For this exercise, output exactly the lines from the opening line of the listing through the line with "有植牙可以同時做隱適美矯正嗎？其實 植牙和牙齒矯正 可以同時進行！", skipping pictures.
** Information shown follows **
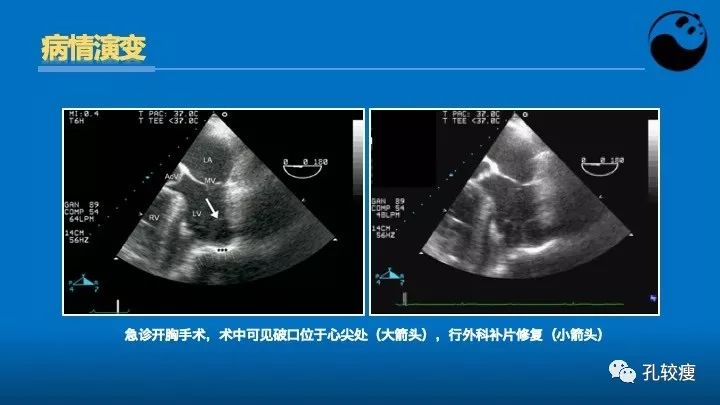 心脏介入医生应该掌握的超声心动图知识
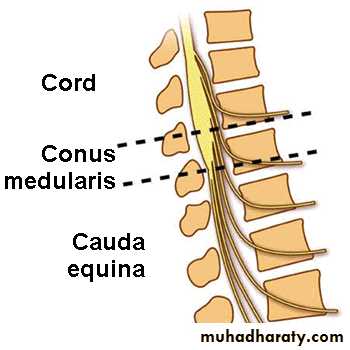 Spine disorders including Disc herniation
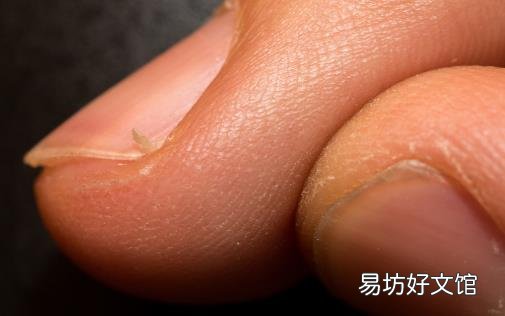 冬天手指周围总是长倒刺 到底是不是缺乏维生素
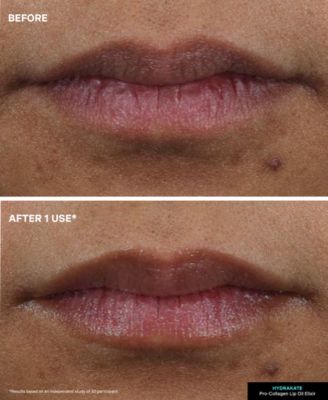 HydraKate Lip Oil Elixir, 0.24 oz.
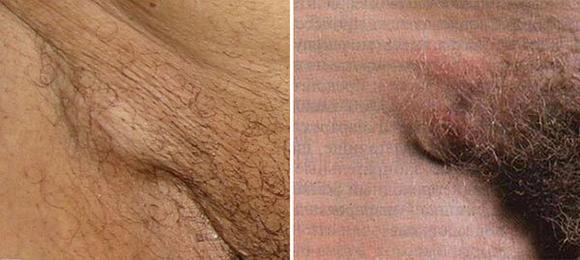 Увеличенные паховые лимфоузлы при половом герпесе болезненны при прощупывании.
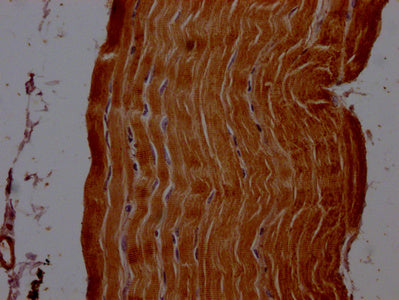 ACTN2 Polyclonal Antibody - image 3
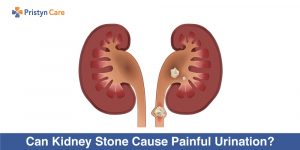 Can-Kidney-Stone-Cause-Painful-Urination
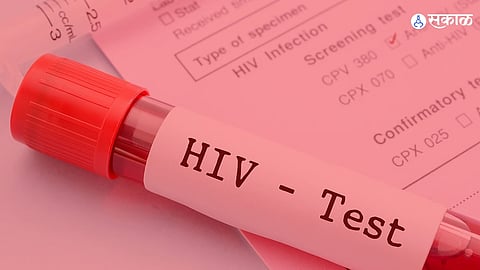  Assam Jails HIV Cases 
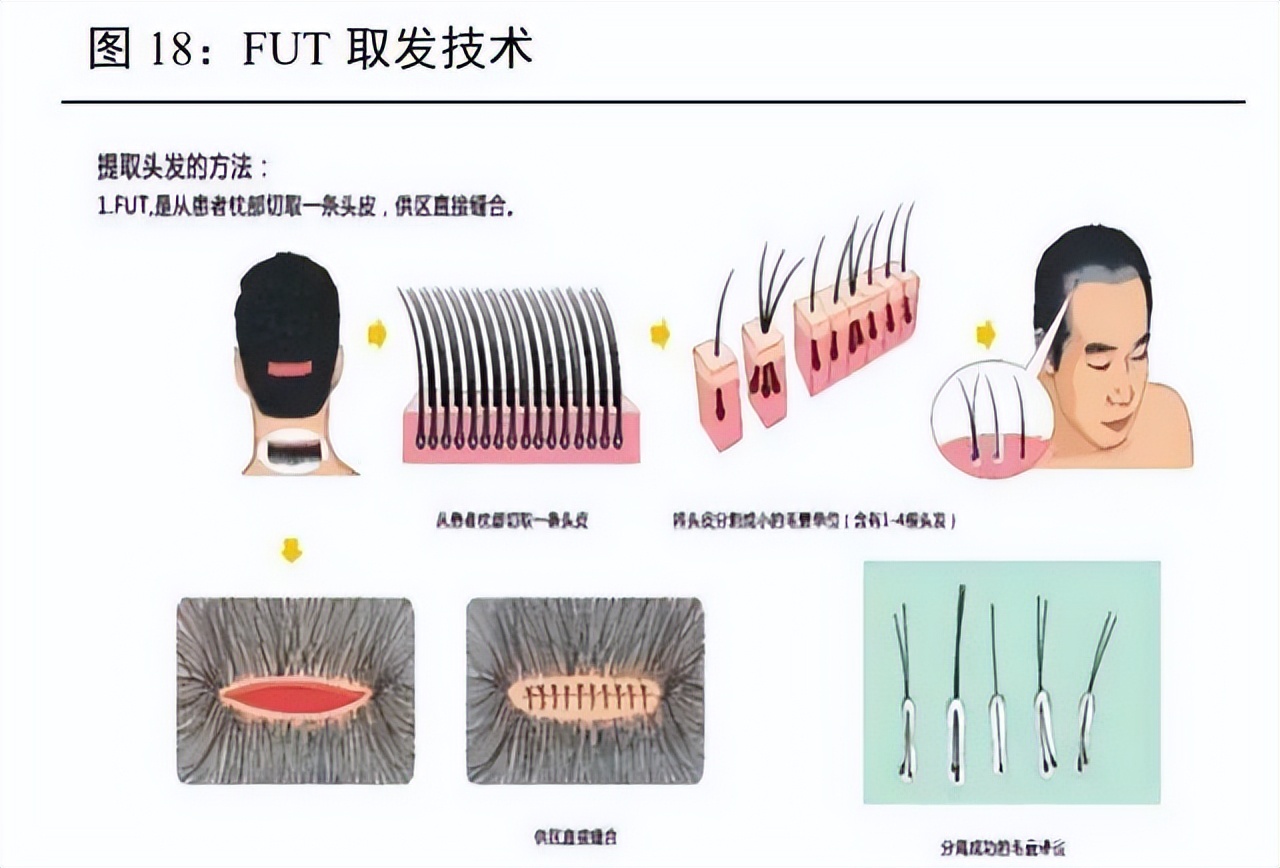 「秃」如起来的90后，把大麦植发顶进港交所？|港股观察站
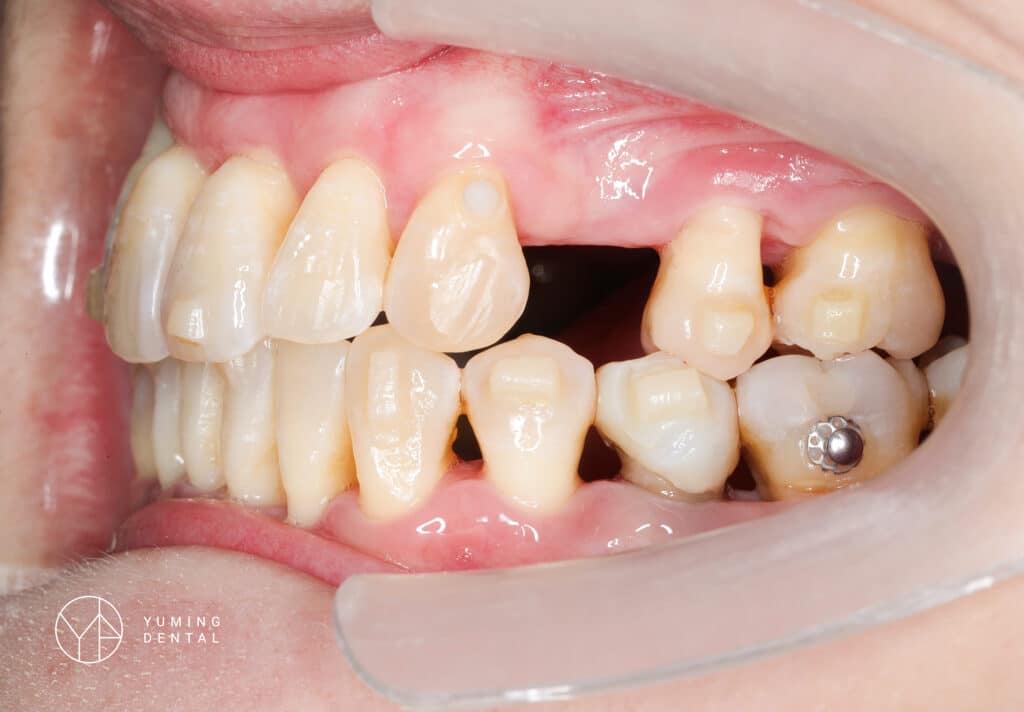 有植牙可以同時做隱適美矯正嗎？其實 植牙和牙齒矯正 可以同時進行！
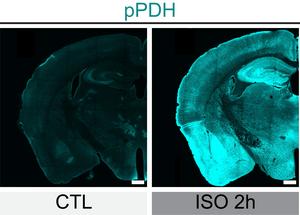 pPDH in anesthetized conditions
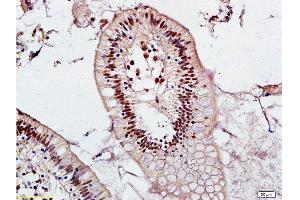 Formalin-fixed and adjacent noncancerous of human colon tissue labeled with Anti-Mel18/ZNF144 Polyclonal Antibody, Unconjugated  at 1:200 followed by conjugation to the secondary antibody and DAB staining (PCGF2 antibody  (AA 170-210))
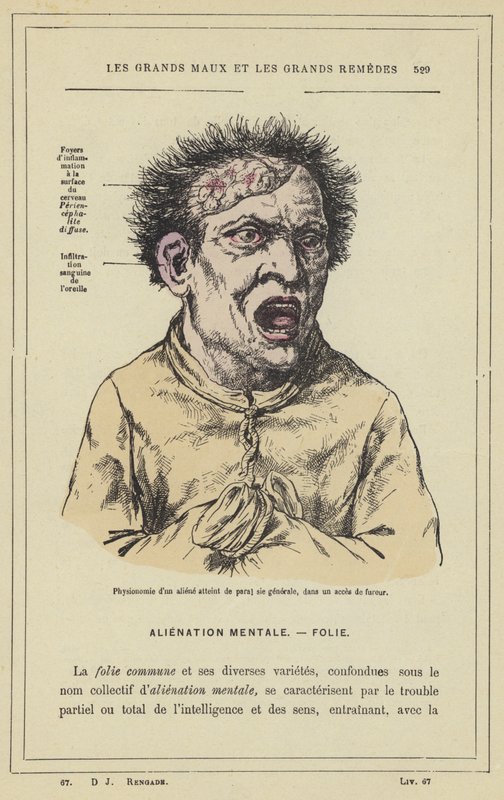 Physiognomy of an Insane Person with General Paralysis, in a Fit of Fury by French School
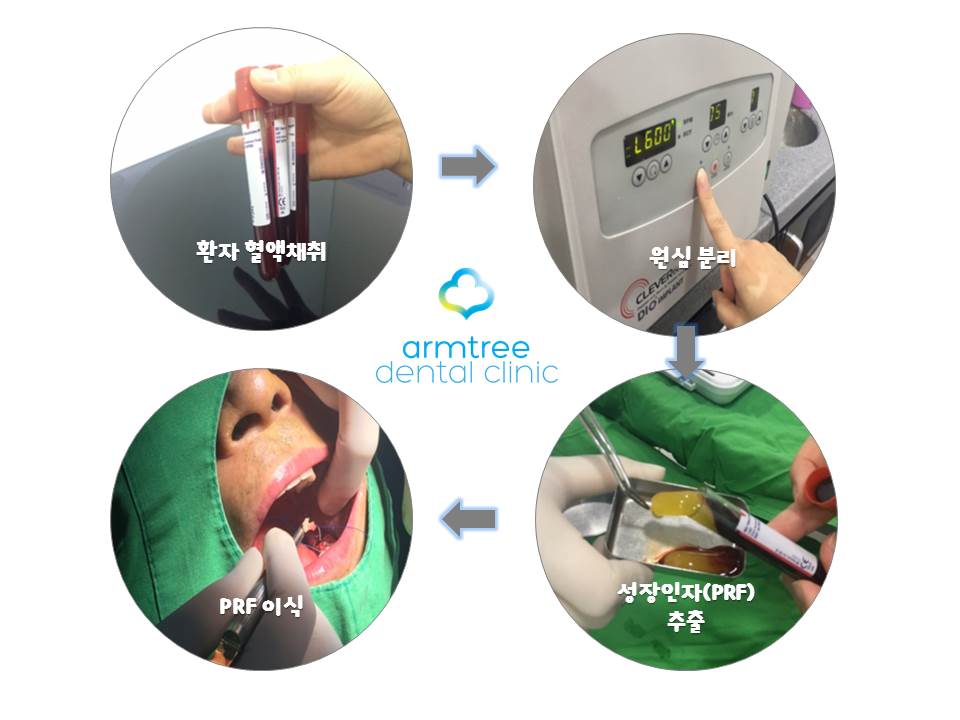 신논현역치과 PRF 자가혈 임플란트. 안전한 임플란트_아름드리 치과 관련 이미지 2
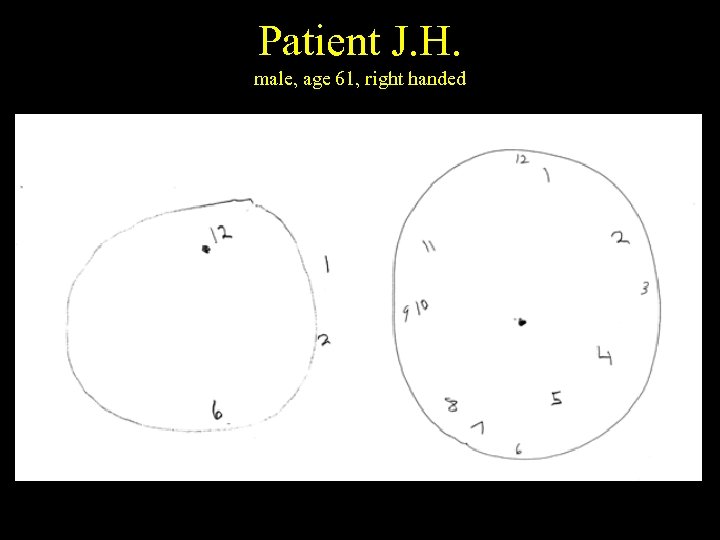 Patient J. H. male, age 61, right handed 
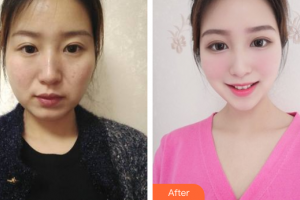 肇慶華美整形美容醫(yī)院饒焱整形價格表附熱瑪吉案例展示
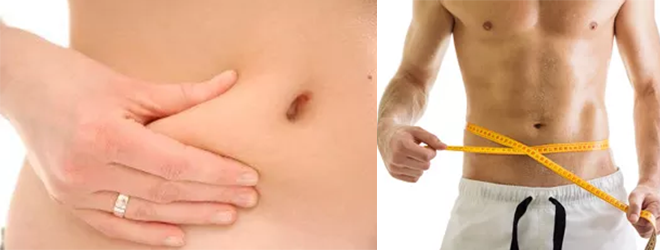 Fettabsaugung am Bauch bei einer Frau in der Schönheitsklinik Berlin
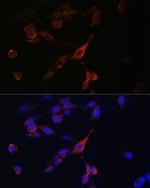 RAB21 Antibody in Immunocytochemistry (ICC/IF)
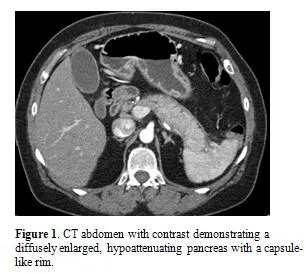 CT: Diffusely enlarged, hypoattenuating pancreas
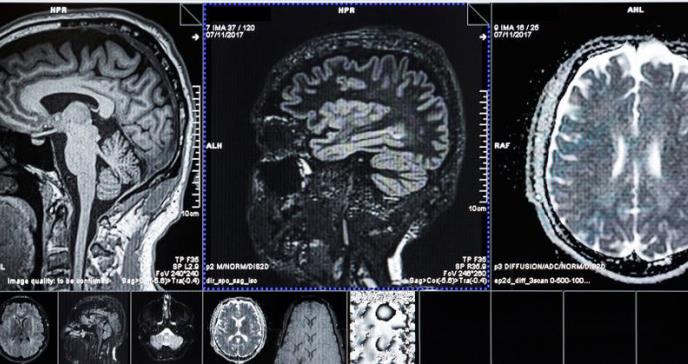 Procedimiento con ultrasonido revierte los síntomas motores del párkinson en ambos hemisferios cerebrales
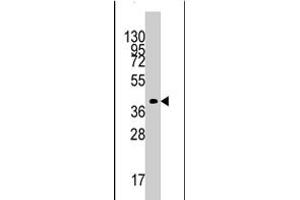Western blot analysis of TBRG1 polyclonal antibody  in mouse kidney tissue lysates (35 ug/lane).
** End of Information shown **
- Written solution -
 心脏介入医生应该掌握的超声心动图知识
 Spine disorders including Disc herniation
 冬天手指周围总是长倒刺 到底是不是缺乏维生素
 HydraKate Lip Oil Elixir, 0.24 oz.
 Увеличенные паховые лимфоузлы при половом герпесе болезненны при прощупывании.
 ACTN2 Polyclonal Antibody - image 3
 Can-Kidney-Stone-Cause-Painful-Urination
  Assam Jails HIV Cases 
 「秃」如起来的90后，把大麦植发顶进港交所？|港股观察站
 有植牙可以同時做隱適美矯正嗎？其實 植牙和牙齒矯正 可以同時進行！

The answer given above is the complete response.